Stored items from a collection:
Content starts
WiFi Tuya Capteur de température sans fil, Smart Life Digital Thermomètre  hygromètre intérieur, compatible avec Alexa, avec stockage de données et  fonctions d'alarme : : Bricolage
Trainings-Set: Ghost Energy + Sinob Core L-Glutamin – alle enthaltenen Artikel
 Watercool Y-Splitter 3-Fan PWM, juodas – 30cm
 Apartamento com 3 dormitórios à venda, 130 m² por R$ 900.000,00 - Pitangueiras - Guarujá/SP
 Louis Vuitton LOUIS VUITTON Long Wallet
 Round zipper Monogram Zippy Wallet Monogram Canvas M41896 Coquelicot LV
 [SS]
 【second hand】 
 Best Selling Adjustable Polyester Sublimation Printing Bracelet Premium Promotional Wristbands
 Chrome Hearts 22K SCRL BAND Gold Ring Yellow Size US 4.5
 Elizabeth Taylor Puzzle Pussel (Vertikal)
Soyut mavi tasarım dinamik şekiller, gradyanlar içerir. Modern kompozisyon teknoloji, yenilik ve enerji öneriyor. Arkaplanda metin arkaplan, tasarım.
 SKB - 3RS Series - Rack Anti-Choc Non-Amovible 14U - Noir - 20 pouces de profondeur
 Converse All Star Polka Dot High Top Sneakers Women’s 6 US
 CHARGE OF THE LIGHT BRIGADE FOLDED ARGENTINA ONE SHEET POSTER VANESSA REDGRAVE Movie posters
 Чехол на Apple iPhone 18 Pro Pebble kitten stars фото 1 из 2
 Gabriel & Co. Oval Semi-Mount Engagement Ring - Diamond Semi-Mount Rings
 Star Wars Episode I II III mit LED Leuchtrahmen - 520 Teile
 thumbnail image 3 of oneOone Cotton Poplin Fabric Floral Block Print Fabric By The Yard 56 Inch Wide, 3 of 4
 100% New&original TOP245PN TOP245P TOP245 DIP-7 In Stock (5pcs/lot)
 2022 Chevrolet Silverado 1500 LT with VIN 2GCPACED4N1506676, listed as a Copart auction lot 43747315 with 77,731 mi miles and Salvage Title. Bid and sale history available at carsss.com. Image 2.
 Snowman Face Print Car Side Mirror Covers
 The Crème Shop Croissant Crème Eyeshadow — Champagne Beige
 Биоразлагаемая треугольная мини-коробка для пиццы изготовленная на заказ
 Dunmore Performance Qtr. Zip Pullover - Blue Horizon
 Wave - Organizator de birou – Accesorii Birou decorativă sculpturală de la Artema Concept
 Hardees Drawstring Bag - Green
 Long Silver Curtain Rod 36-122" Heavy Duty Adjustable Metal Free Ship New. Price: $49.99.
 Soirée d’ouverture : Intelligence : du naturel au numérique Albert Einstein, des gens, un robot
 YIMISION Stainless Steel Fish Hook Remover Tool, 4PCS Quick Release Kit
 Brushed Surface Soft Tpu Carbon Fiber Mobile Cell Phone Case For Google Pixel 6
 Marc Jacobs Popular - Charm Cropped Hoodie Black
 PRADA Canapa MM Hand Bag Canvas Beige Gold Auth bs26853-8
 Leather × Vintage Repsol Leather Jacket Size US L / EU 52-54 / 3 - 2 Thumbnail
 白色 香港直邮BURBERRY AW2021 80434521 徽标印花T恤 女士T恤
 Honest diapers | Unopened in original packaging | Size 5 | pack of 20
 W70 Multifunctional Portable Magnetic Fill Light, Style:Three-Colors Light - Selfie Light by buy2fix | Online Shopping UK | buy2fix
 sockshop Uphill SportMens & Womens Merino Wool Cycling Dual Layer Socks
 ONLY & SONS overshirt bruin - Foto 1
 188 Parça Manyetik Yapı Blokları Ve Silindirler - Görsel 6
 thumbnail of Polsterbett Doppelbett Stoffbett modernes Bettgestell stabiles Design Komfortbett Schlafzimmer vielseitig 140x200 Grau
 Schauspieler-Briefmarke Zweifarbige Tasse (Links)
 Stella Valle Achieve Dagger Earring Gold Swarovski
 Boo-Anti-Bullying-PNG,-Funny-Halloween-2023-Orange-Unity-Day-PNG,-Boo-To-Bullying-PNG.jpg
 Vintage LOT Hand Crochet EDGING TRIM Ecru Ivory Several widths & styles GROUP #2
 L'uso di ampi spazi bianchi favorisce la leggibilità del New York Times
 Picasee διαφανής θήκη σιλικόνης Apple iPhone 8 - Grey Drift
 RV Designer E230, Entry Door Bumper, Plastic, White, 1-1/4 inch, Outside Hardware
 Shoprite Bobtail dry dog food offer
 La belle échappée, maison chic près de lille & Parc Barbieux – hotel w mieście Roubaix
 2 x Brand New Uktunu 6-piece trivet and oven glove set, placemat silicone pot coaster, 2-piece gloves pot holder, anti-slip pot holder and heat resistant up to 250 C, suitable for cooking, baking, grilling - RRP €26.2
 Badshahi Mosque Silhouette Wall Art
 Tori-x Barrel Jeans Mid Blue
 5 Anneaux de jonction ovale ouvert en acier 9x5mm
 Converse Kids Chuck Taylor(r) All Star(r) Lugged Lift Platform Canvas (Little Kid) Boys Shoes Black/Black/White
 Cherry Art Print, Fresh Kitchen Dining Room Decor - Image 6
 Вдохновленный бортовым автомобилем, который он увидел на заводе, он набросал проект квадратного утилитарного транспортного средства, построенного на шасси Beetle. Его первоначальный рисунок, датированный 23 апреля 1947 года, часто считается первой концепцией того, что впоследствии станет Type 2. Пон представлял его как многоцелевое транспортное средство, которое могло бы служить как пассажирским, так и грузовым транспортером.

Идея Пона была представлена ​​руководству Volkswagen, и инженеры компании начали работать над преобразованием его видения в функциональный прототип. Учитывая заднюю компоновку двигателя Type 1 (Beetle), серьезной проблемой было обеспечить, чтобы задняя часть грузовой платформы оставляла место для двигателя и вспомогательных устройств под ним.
Content ends
WHAT THIS TASK INVOLVES
What are the lines above, starting at the one with "Badshahi Mosque Silhouette Wall Art" and ending at the one with "Вдохновленный бортовым автомобилем, который"? Give them again exactly, and only them.

TASK OUTPUT
 Badshahi Mosque Silhouette Wall Art
 Tori-x Barrel Jeans Mid Blue
 5 Anneaux de jonction ovale ouvert en acier 9x5mm
 Converse Kids Chuck Taylor(r) All Star(r) Lugged Lift Platform Canvas (Little Kid) Boys Shoes Black/Black/White
 Cherry Art Print, Fresh Kitchen Dining Room Decor - Image 6
 Вдохновленный бортовым автомобилем, который он увидел на заводе, он набросал проект квадратного утилитарного транспортного средства, построенного на шасси Beetle. Его первоначальный рисунок, датированный 23 апреля 1947 года, часто считается первой концепцией того, что впоследствии станет Type 2. Пон представлял его как многоцелевое транспортное средство, которое могло бы служить как пассажирским, так и грузовым транспортером.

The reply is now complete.